Photography Collection from Akito Tsuda 93’ Acquired by Harold Washington Library

PhotoPhoto: Akito Tsuda '93
The collection of more than 85 images, taken during Tsuda’s enrollment at Columbia, showcase life in Chicago’s Pilsen neighborhood in the early 1990s.

Columbia College Chicago is pleased to announce the photo work of Japanese photographer and alumnus, Akito Tsuda 93’, has been acquired by the Special Collection room at Chicago’s Harold Washington Library.

The collection of more than 85 images showcase life in Chicago’s Pilsen neighborhood in the early 1990s, taken during Tsuda’s enrollment at Columbia. In 2017, Tsuda compiled these images into his book, Pilsen Days, which was released at an exhibition at La Catrina Café in Pilsen.

“Thank you very much for Columbia College's support for my return to Chicago in 2017,” said Tsuda. “This was my first visit to Chicago since 1994 and this visit opened up a new opportunity for my photo work and made the photo collection possible.”

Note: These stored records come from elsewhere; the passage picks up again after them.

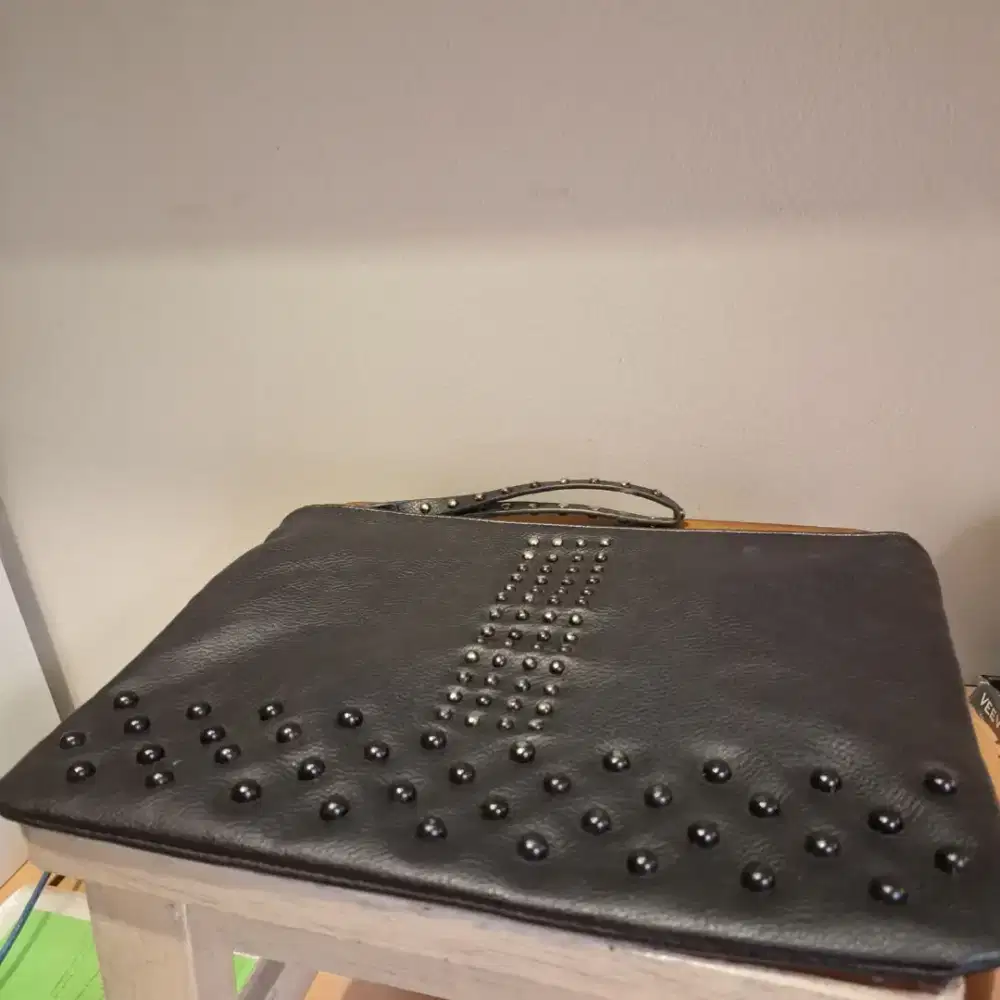 Mango Touch Clutch Leather Black Mini Multifunctional Bag Bahan Kulit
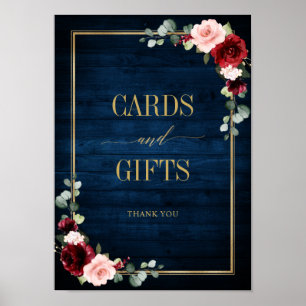 Poster Burgundy Navy Blush Floral Cartes et Cadeaux Po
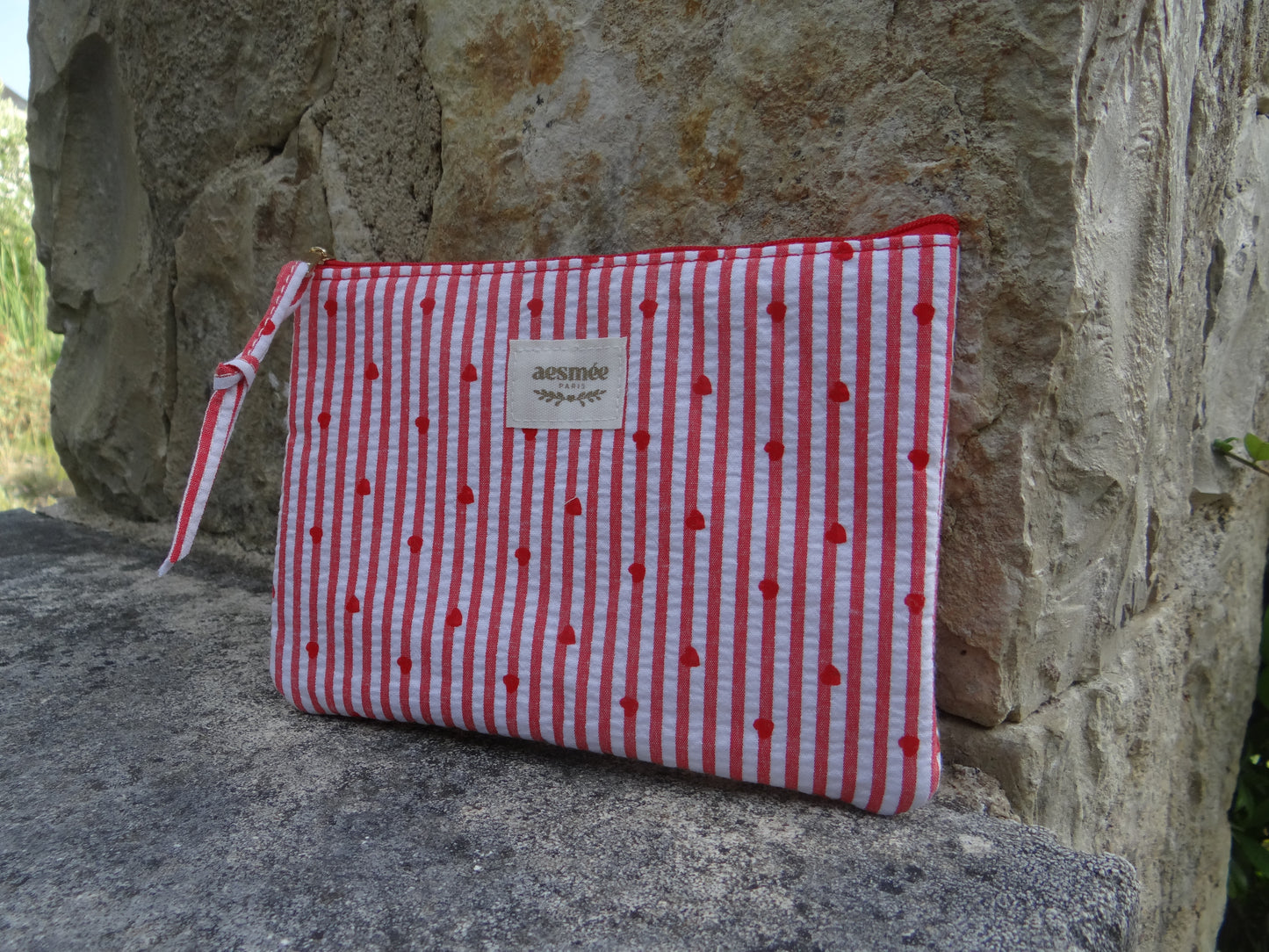 Trousse rouge et blanc rayé motif coeur - Chez Ceane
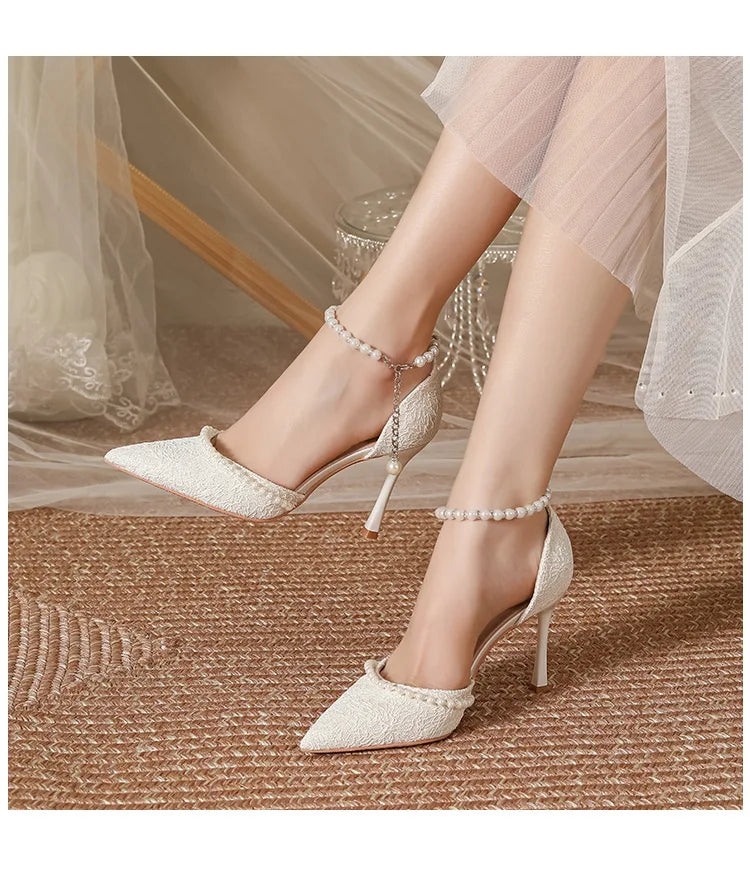 White Pearl Buckle Pointed Bridal Heels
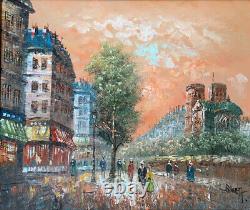 Original Signed Burnett Oil Painting Paris Notre Dame Framed Med/Larg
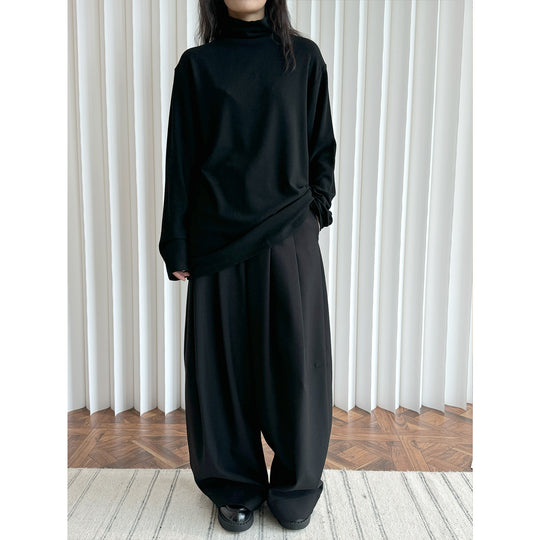 Damen Minimalistisches Rollkragen-Longsleeve mit Relaxed-Fit und weichem Jersey Nord Taschen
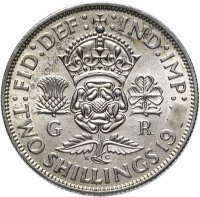 купить Великобритания 2 шиллинга (флорин, shillings) 1942-1946 случайный год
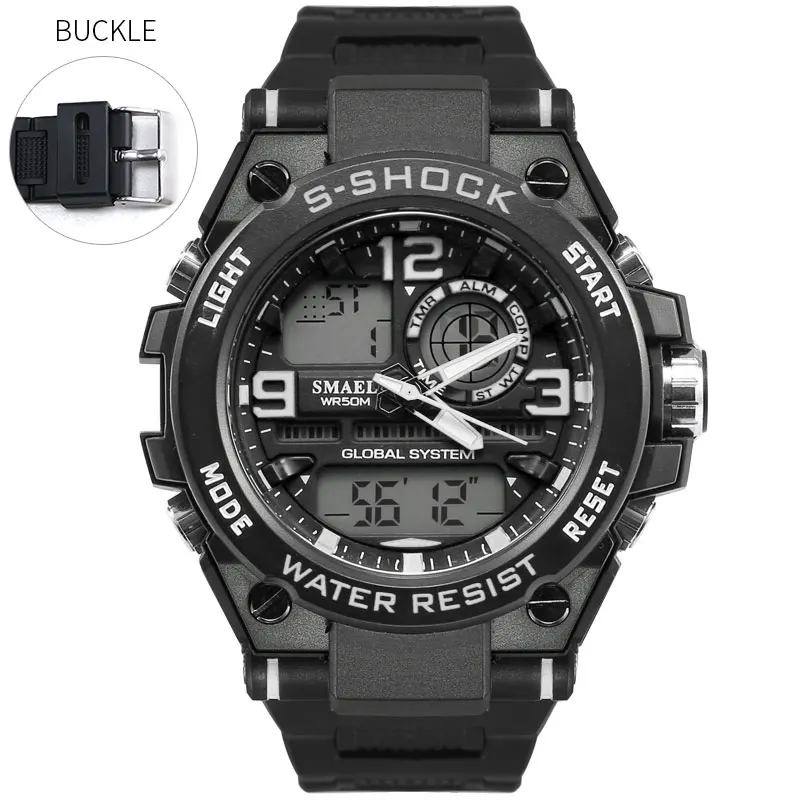 Black White Новые модные повседневные мужские часы SMAEL, брендовые, серый цвет, двойной дисплей, светодиодный, 50 м, водонепроницаемые, для дайвинга, мужские, силиконовые, спортивные часы, Relogio 1603 - Цвет: Black White
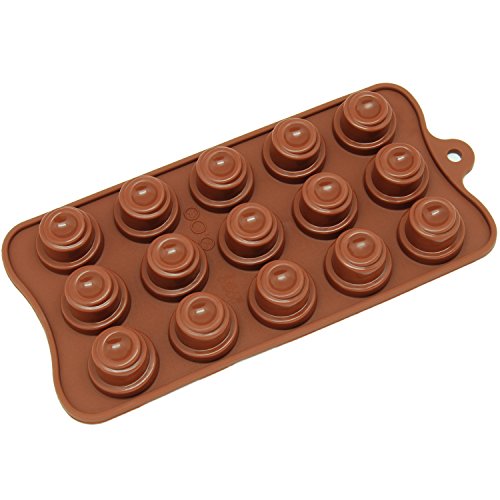 0852163003356 - FRESHWARE CB-609BR 15-CAVITY SILICONE SPIRAL CONE CHOCOLATE, CANDY AND GUMMY MOLD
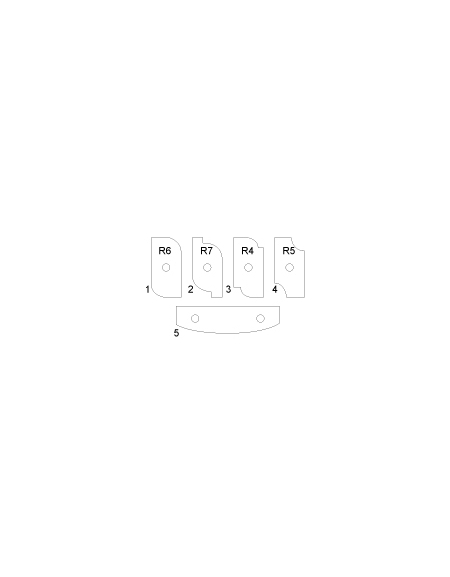 Plaquitas insertables de carburo para cabezal para plafones con moldura curvada en forma de S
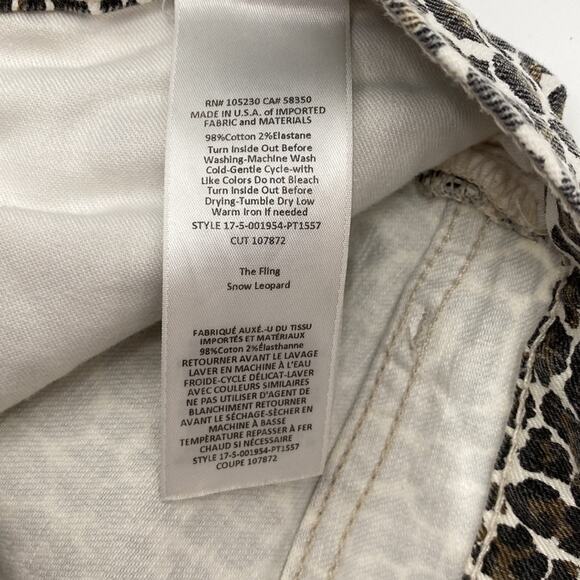 CURRENT ELLIOTT The Fling Snow Leopard Skinny Jeans Size 30 - Picture 8 of 9
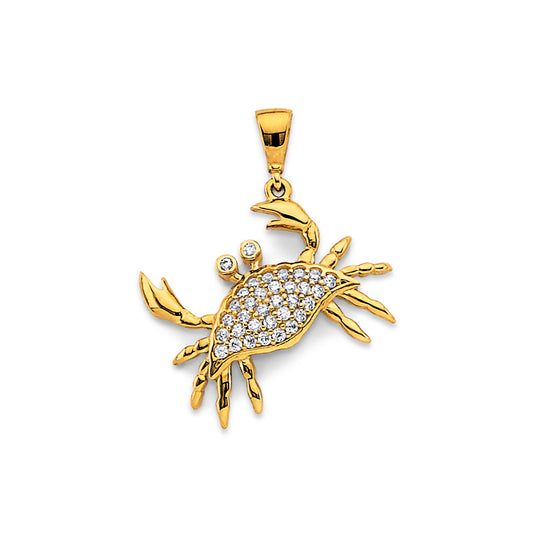 14K Yellow Gold Crab CZ Pendant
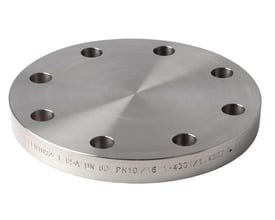 Rustfri blindflange i stål med 8 boltehuller, DN 100 og PN 40 bar, velegnet til drikkevandsinstallationer.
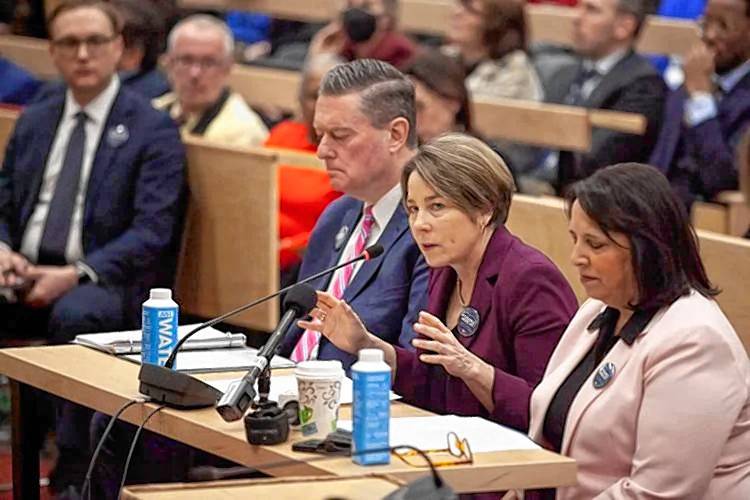 Gov. Maura Healey pitches lawmakers on the Housing Committee on her five-year, $4.1 billion housing bond bill at a hearing on Thursday. Gov. Maura Healey pitches lawmakers on the Housing Committee on her five-year, $4.1 billion housing bond bill at a hearing on Thursday.
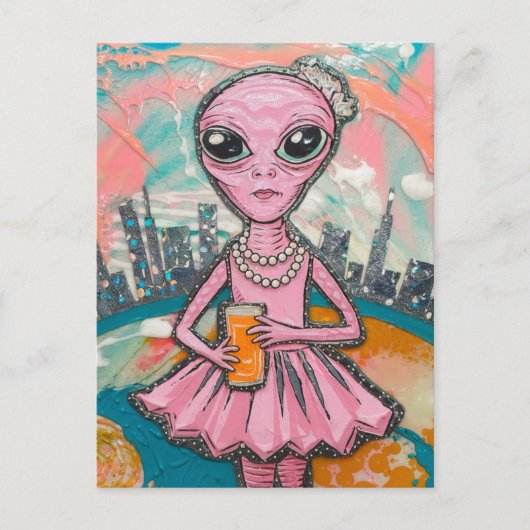 Alien Sinaasappel Juice in de stad Briefkaart (Voorkant)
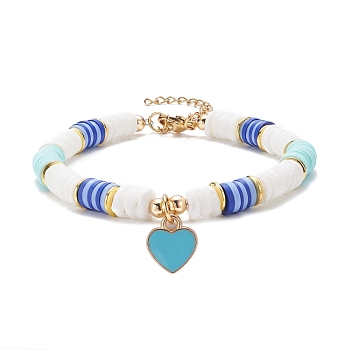 Heart Charm Bracelet, Polymer Clay Heishi Surfer Bracelet, Preppy Jewelry for Women, Golden, Blue, 7-5/8 inch(19.4cm)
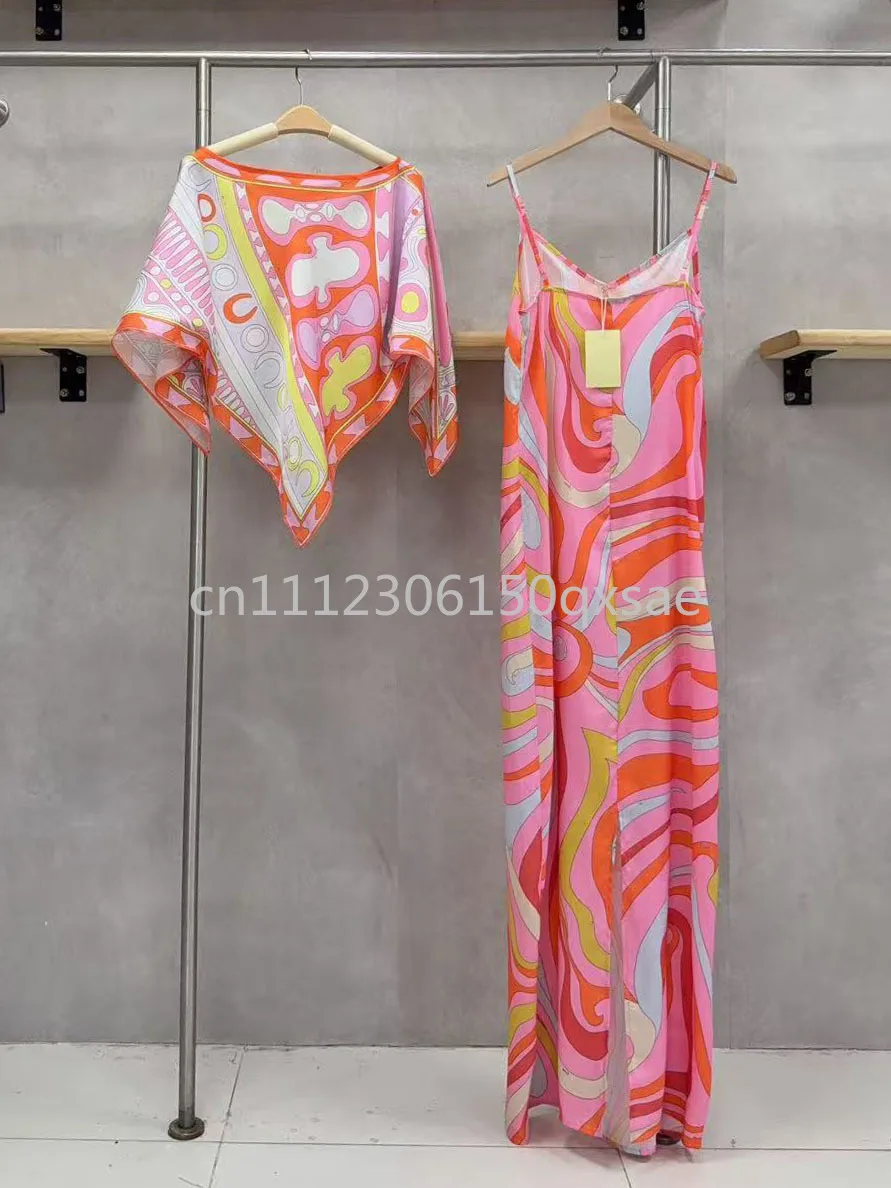 Luxury Design Women's Pink Cloaks Dress Sets with Designer Signature Letter Logo Classic Brand Women's Top Quality Tops Sets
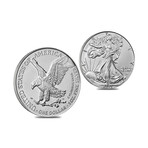 1921 Morgan Silver Dollar & 2021 American Silver Eagle (1921-2021) 2-coin set // Mint State Condition // Deluxe Collector's Pouch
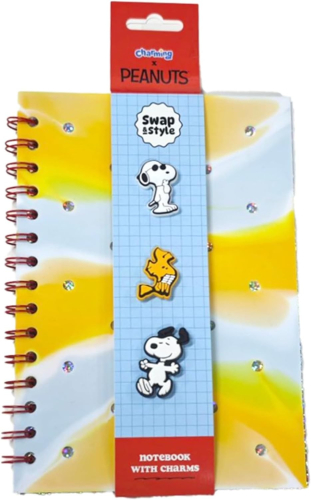Caderno A5 em Silicone com Adornos:Peanuts - Snoopy &Woodstock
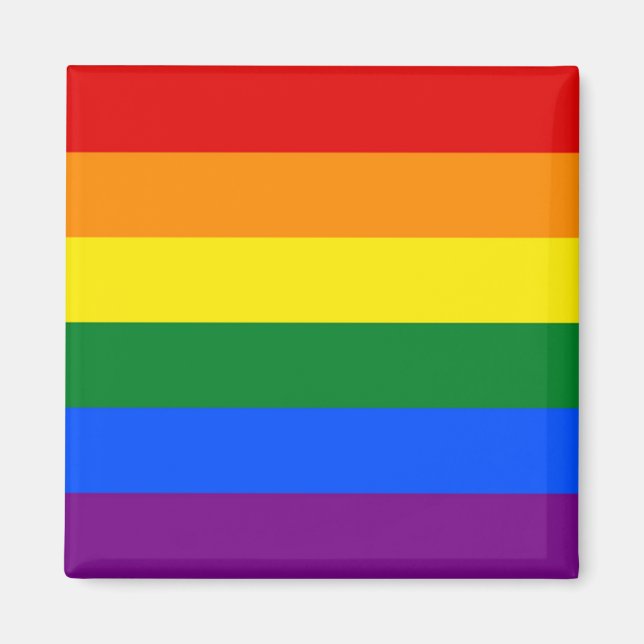 Imán de la bandera del orgullo arcoiris (Frente)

Born in Hamamatsu, Japan, Tsuda came to the United States in 1988, and moved to Chicago in 1990 to study photography at Columbia College. While working on an assignment to document a neighborhood in Chicago, he stumbled across the Pilsen neighborhood located in the city’s Lower West Side community area. Despite speaking very little English and no Spanish, Tsuda forged an intercultural bond with the area’s predominantly Latinx residents. He composed approximately 400 images of the Pilsen and Maxwell Street areas from 1991 to 1994. The subjects of his black and white photography include candid groups of Mexican-American children, family activities, interior scenes with domestic activities, street scenes and a few workplace interiors. “An immigrant among immigrants,” is how Tsuda describes his experiences in Chicago.